None of this impressed the Federal Constitutional Court. It came to the conclusion that the standards of the ECtHR in the “Meng” case did not lead to the Cum-Ex conviction being unconstitutional.


In the second Cum-Ex judgment, no explicit reference was made in the written reasons for the judgment to the findings in the first judgment or to the evidence taken there. According to the standards of the ECtHR in previous decisions on bias within the meaning of Art. 6 ECHR, this would entitle the judge to be recused in any case.

Nevertheless, it is to be expected – at least hoped – that the European Court of Human Rights will also affirm bias in the Cum-Ex case – and thus correct the decision of the Federal Constitutional Court of January 27, 2023.

For two coincidences shattered the illusion that the rejected judges would have faced the new defendant completely without prejudice.
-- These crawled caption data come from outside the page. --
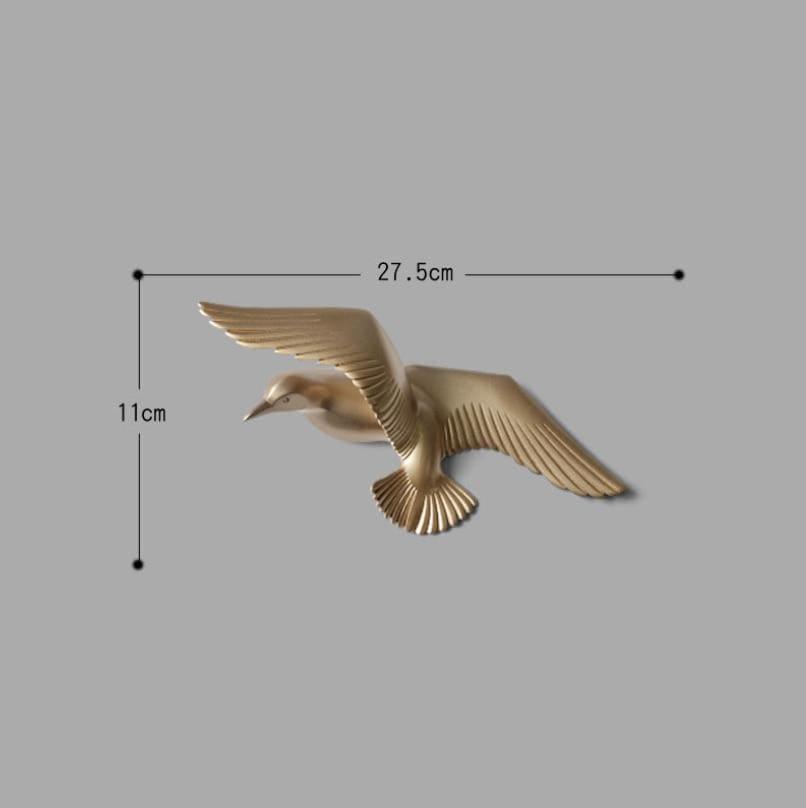 Seagull Wall Decoration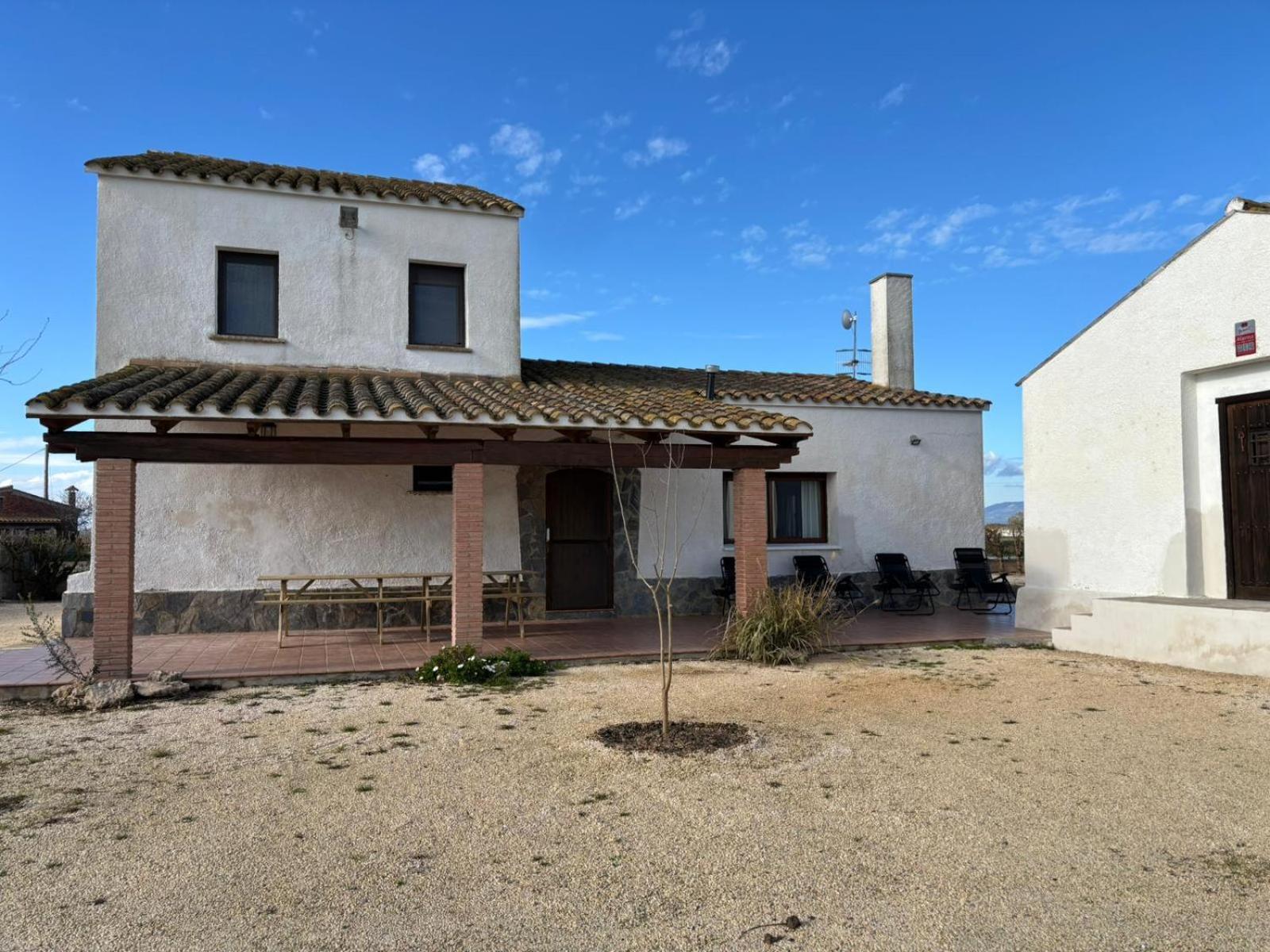 Casa Rue Villa Deltebre Eksteriør bilde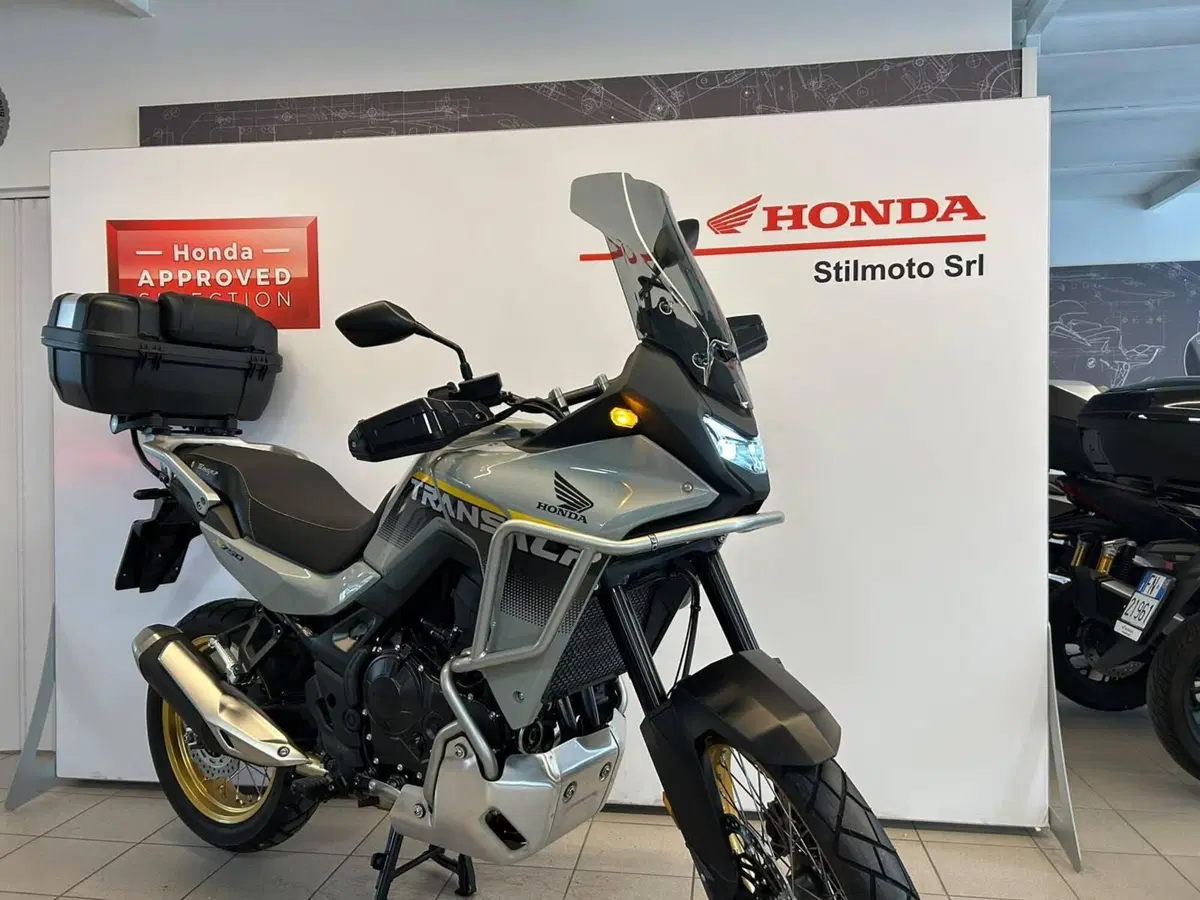 Honda Transalp XL750 (2025) (3)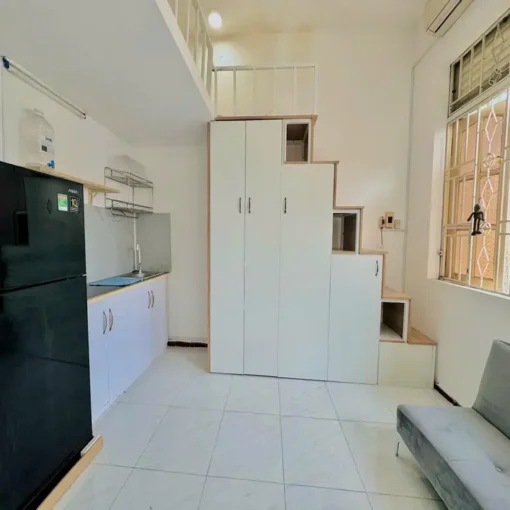 Căn hộ Duplex Điện Biên Phủ, Phường 2, Bình Thạnh - Hình ảnh 2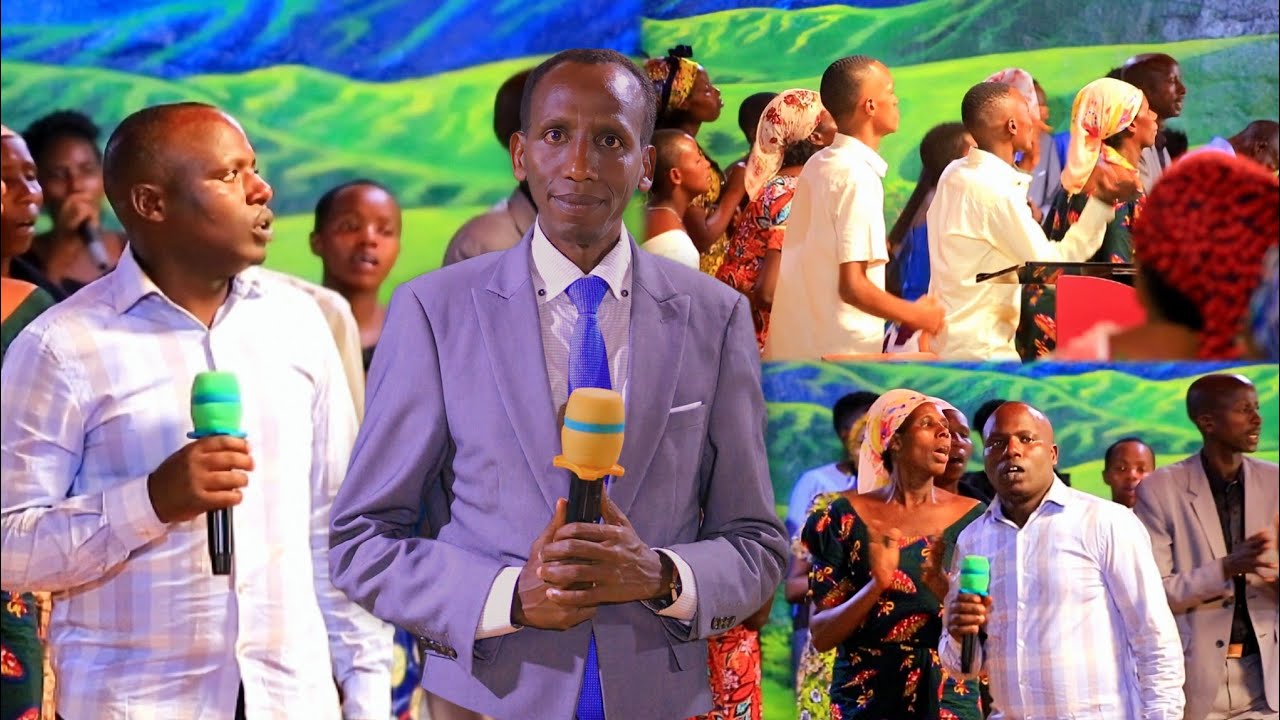 🔥AGITARAMO MURI AGAPE N'ABAYUMBE// MUNDIRIMBO ZOMUGITABO // HIMBAZA IMANA NAWE 🙌🔥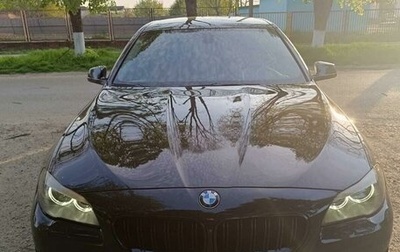 BMW 5 серия, 2012 год, 2 080 000 рублей, 1 фотография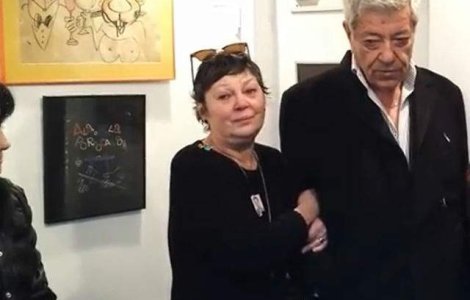 Anca Pandrea, internata de urgenta la Spitalul Floreasca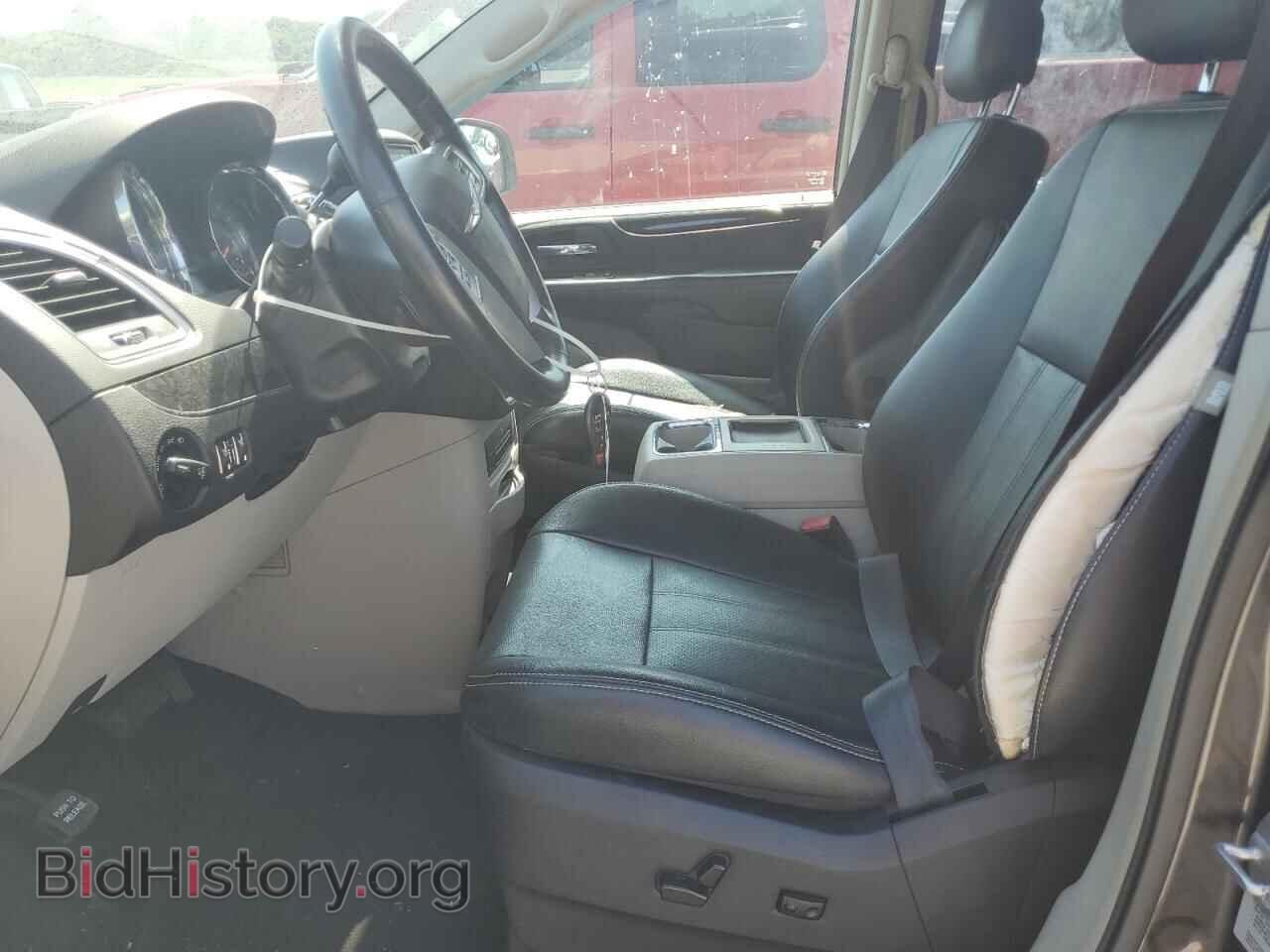 2015 CHRYSLER MINIVAN - VIN: 2C4RC1CG5FR657629 - Фото 7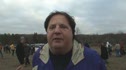 Coach Steve After the 2009 Canadian XC Championships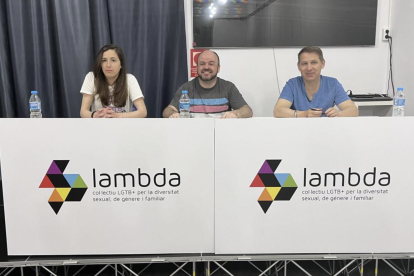 Dirigentes de Lambda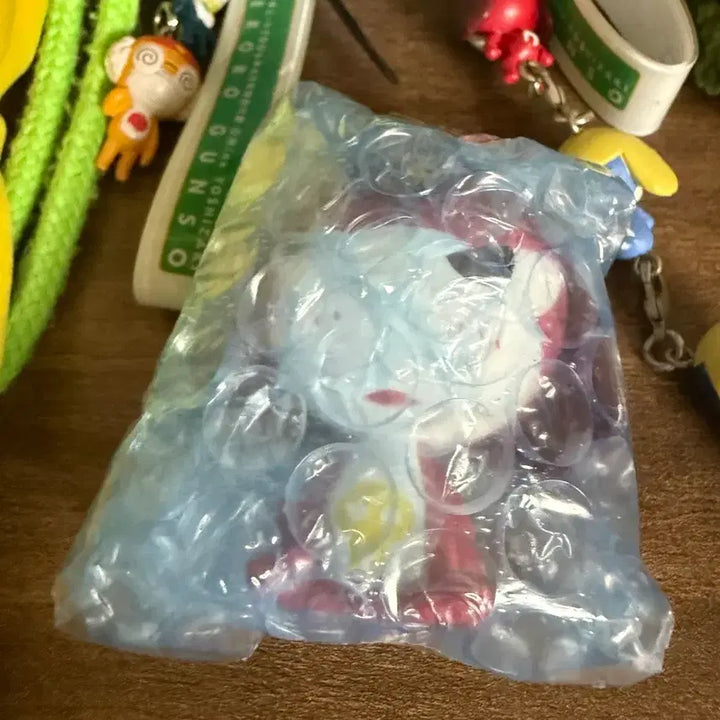 [BUNJANG] Keroro First Lottery G Prize Chibi Keroro Mini Figure / 케로로 제일복권 g상 치비기로로 판매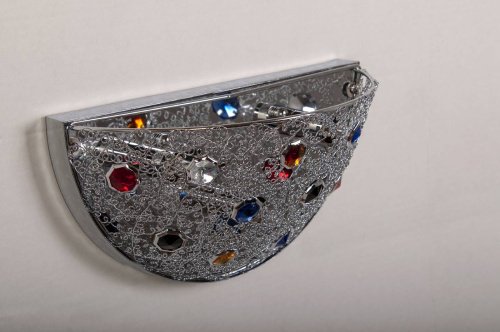 Настенное бра Abrasax HYB10179-3CR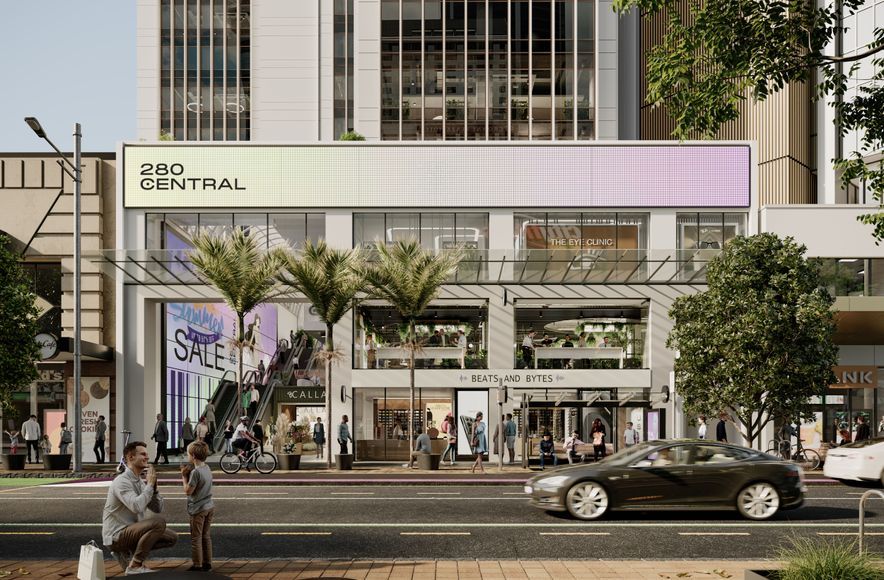 280 Central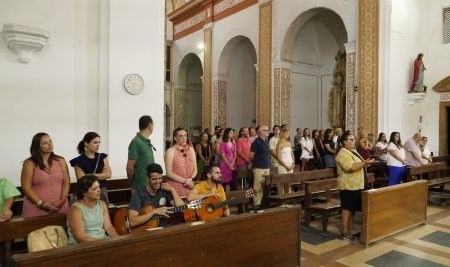 La Comunidad Educativa inició el curso esta semana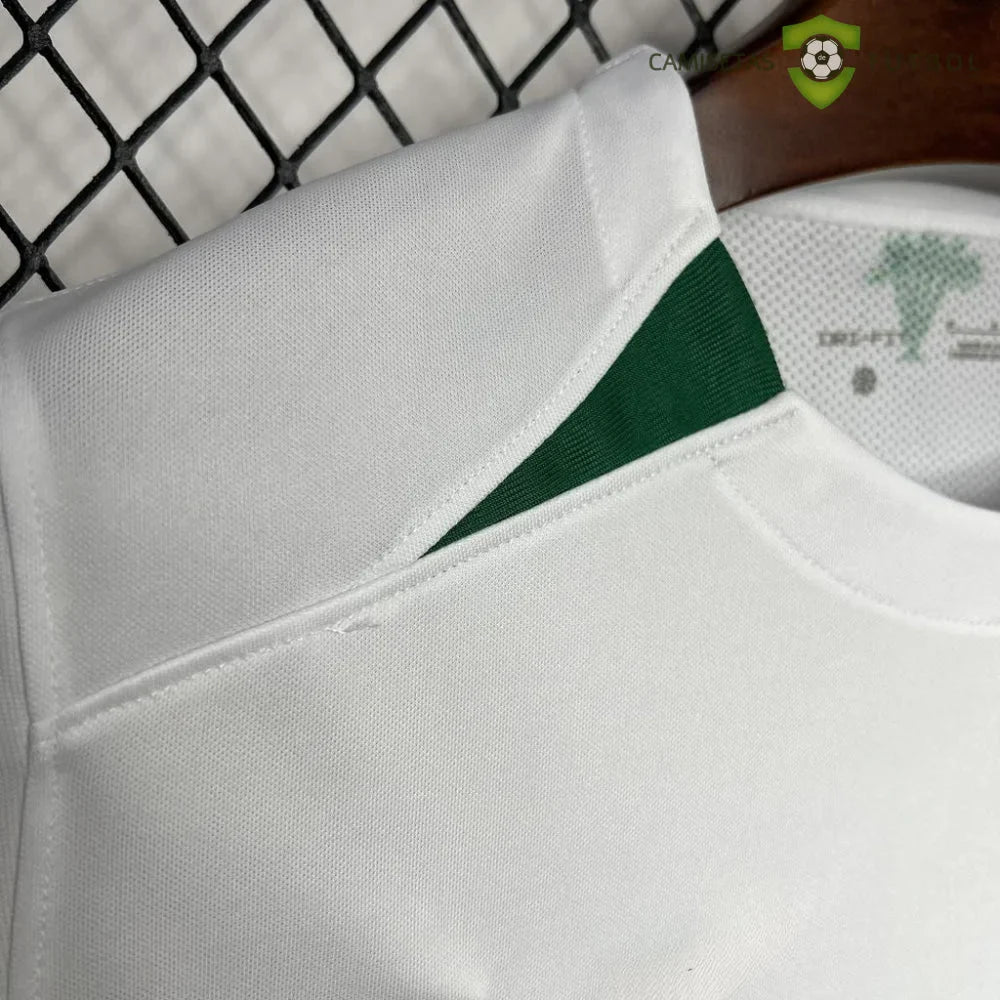 Camiseta Elche 24-25, Local (Lleva personalización Baldo 10)(ENTREGA EN 24-72 HORAS)
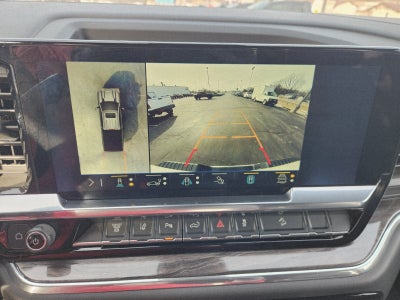 2024 Chevrolet Silverado 3500 HD LTZ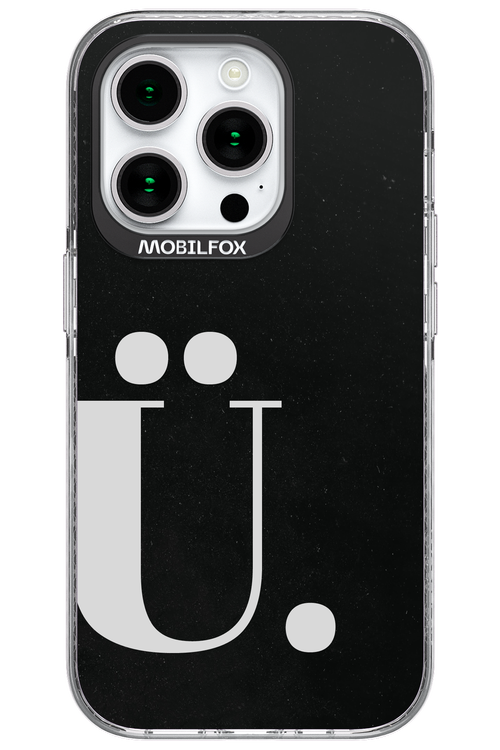 U II (Off Space) 2.0 - Apple iPhone 15 Pro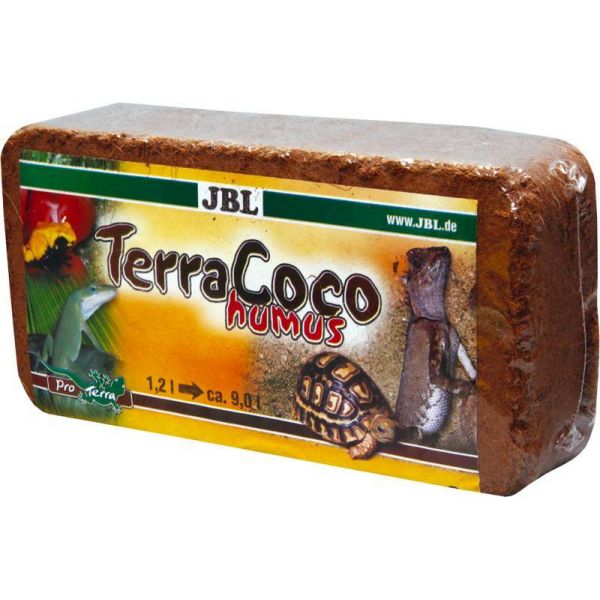 JBL TERRACOCO PODŁOŻE HUMUSOWE DO TERRARIUM
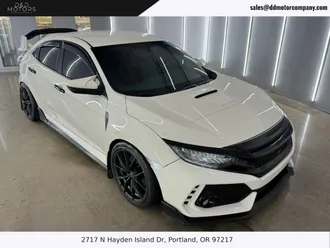 2018 Honda Civic Type R photo 3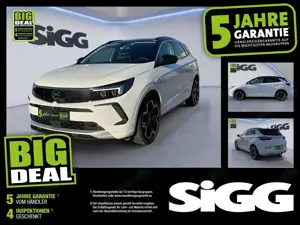 Opel Grandland 1.6 Plug-in Ultimate Wallbox Geschenkt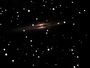 NGC 891colorisée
During the main hearing, a dispute arose over the content of the testimony of a witness from the previous trial. In this context, the chairman, who had already been dismissed for pre-trial proceedings, had said: “Not everyone here in the room – actually only very few in the room, namely [the rapporteur] and I, to be precise – heard the questioning [of the witness] at that time (…) I remember it somewhat differently from what you said (…).” After superior knowledge had been claimed in this way vis-à-vis the defendant from the previous trial, the last doubts should have evaporated that the judge was “also just a human being” who naturally cannot detach himself from earlier experiences and memories.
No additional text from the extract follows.